Martha est une jeune employée de maison dans une famille bourgeoise de Vienne, Franz est enfant unique, très seul et quand Martha arrive, elle le touche profondément, il en tombe amoureux. Et puis, Martha disparait sans le moindre mot…

On la retrouve dans un village de la banlieue de Vienne, maman d’un petit Isidore, elle travaille douze heures par jour dans « une manufacture spécialisée dans la confection de panaches de militaires« , elle est aux cuves dans des vapeurs d’alcool, c’est difficile et éprouvant physiquement. Son petit garçon est un enfant sage, il grandit, trouve « refuge dans les chiffres » ; un jour elle l’emmène visiter Vienne, elle leur offre un divin chocolat chaud au Café central, l’enfant est ébloui, il est heureux de partager ce moment avec sa maman. Quand Isidore a neuf ans, la grippe espagnole s’abat sur le monde…
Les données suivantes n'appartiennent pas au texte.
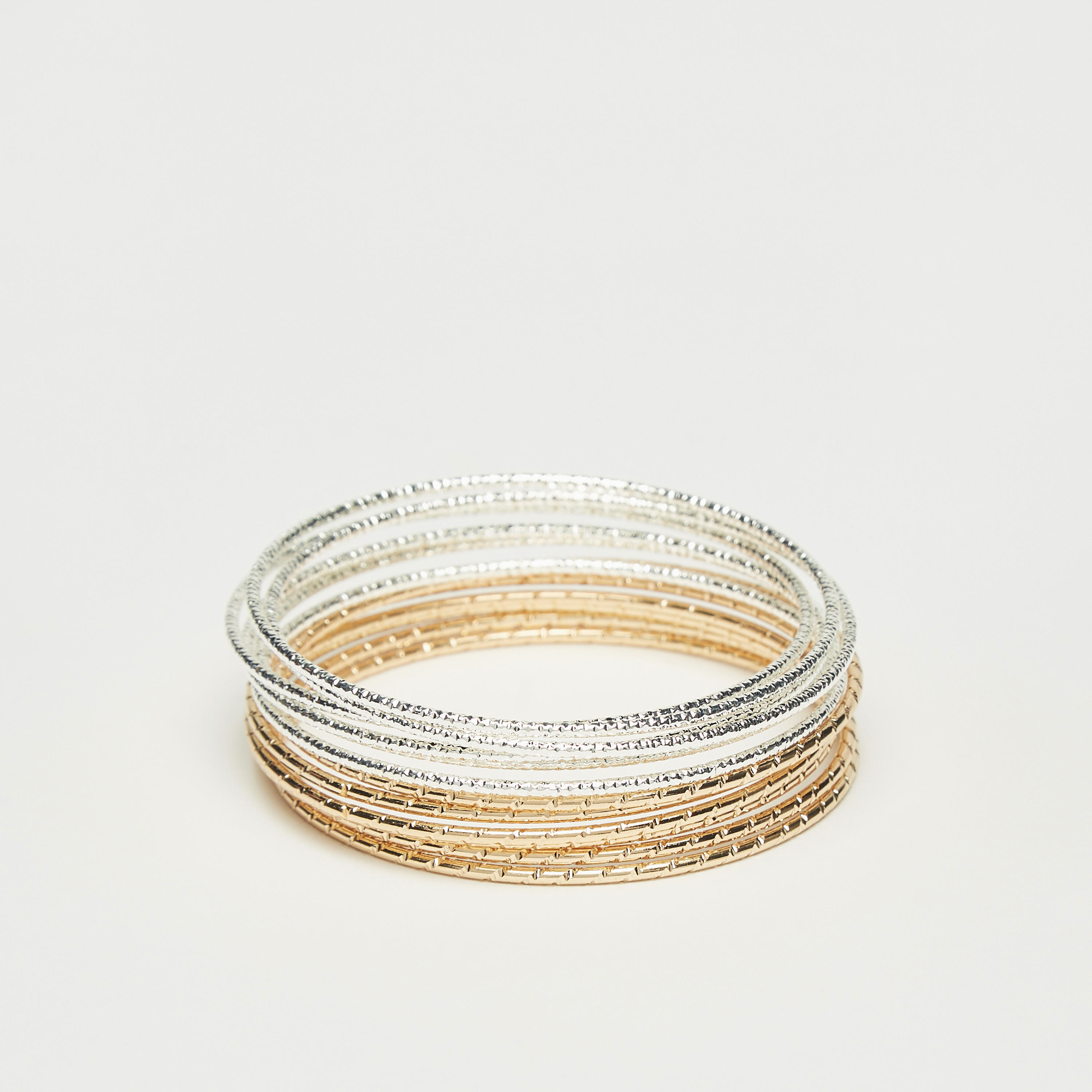 أساور متنوعة - طقم من 12 قطع-women-watchesandjewellery-jewellery-banglesandbracelets-image-4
Sur près de quatre cents pages, Camille de Peretti fait preuve d’une grande imagination, elle nous raconte une incroyable histoire, une histoire de famille et de ses secrets, entre Autriche et Texas au vingtième siècle. Les mœurs de certains à cette époque, la volonté farouche de s’élever dans l’existence, l’intelligence du cœur, le courage, le mensonge, les faits qui semblent se répéter d’une génération à une autre… le livre est très documenté, cette fresque qui mêle fiction et réalité nous tient en haleine.

C’est un formidable moment de lecture,  je vous souhaite de vite découvrir ce livre.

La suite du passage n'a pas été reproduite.